But LAGs are contentious, says a postdoctoral researcher who understands bone analysis and the geology of the Tanis region. They have requested anonymity given the controversy of the site. “There is no uniform, agreed-upon definition of what a LAG is or how you identify one,” they say — and neither is there agreement on how often and why LAGs form.
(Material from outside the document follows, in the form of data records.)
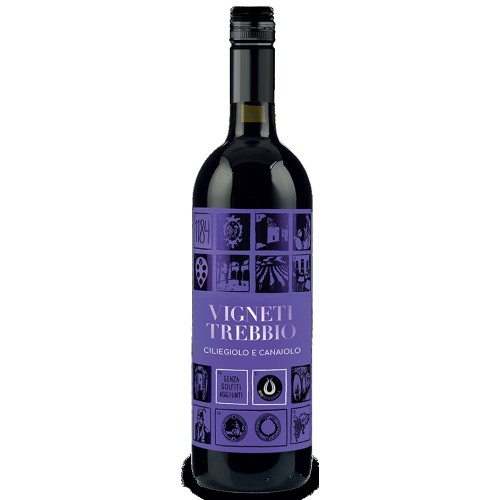 Canaiolo Ciliegiolo 2021 Tuscany - igp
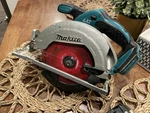 Makita Lxt Circular & Reciprocating Saw Set Battery Powered Blue Black. Fixed Price $180.00.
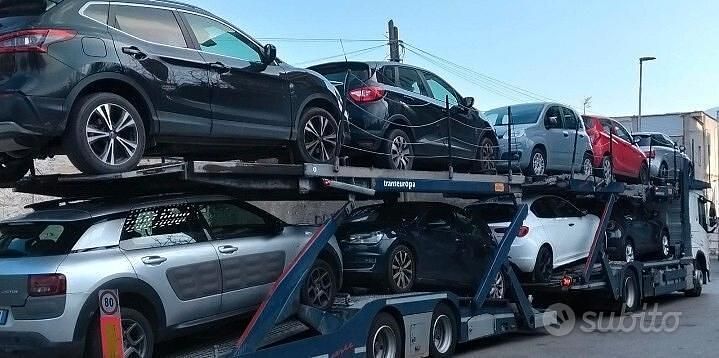 Usata Fiat Panda Easy 69 CV (50 kW) 2018 Grigio Utilitaria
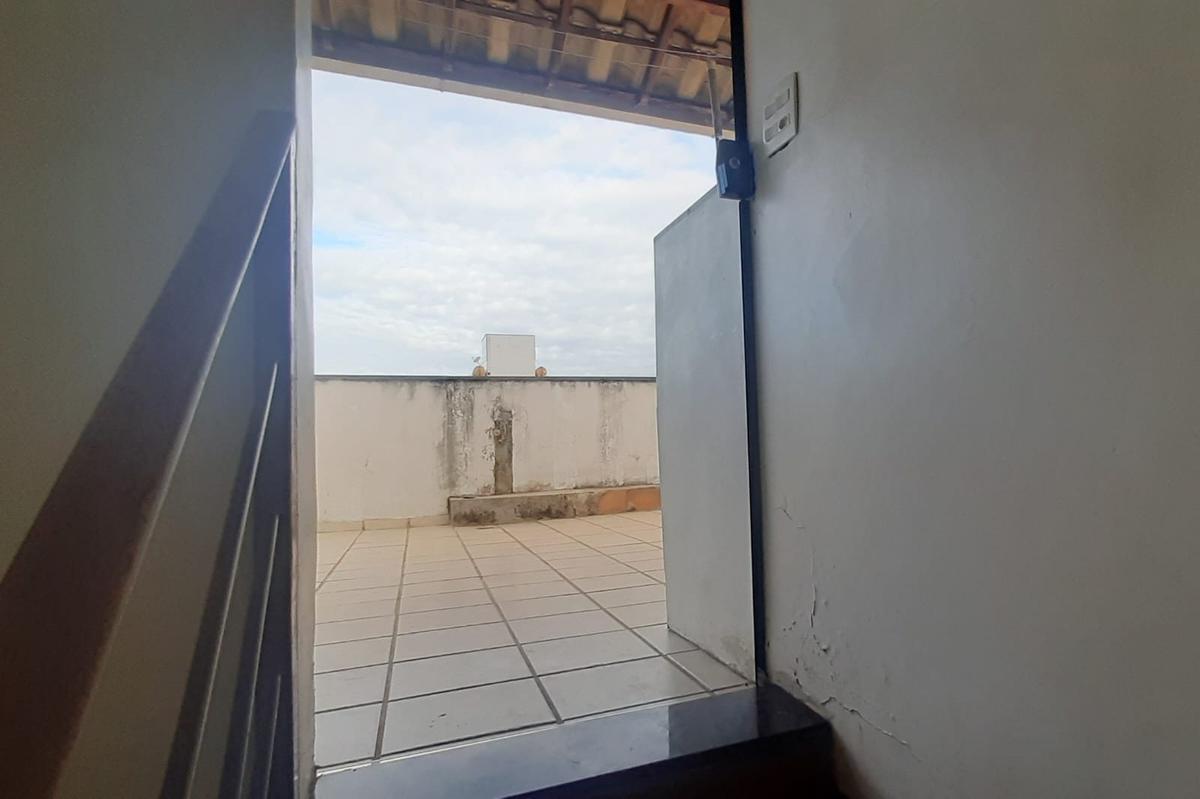 Cobertura, Castelo, 3 Quartos, 1 Vaga, 1 Suíte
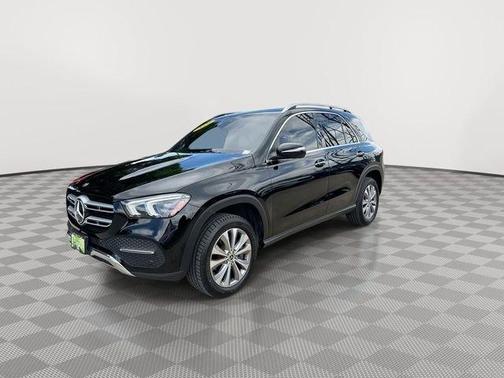2020 Mercedes-Benz GLE 350 Base 4MATIC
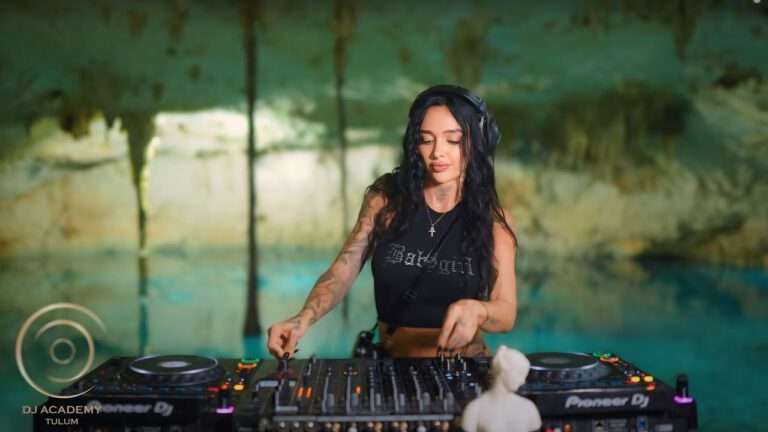 Mercy - Tulum Dj Academy, Mexiko | 2024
As such, the researcher questions the strength of the spring-impact hypothesis.
Several researchers have pointed out that the study is nearly identical to the study led by DePalma that was published last year2. This earlier study also examined LAGs in fish fossils from Tanis and used them to link the impact event to spring, or possibly summer. “Adding to this bizarre overlap is the conspicuous absence of any mention of the DePalma et al. paper by the During et al. paper,” the postdoc says.
During points out that her team’s paper was submitted for publication before the DePalma team submitted theirs. “Ours is the prior work and does not in any respect rest on the data or conclusions of DePalma et al.,” she says, adding that her team therefore felt no need to cite the DePalma et al. study — although the new paper acknowledges DePalma for providing guidance in the field and access to specimens.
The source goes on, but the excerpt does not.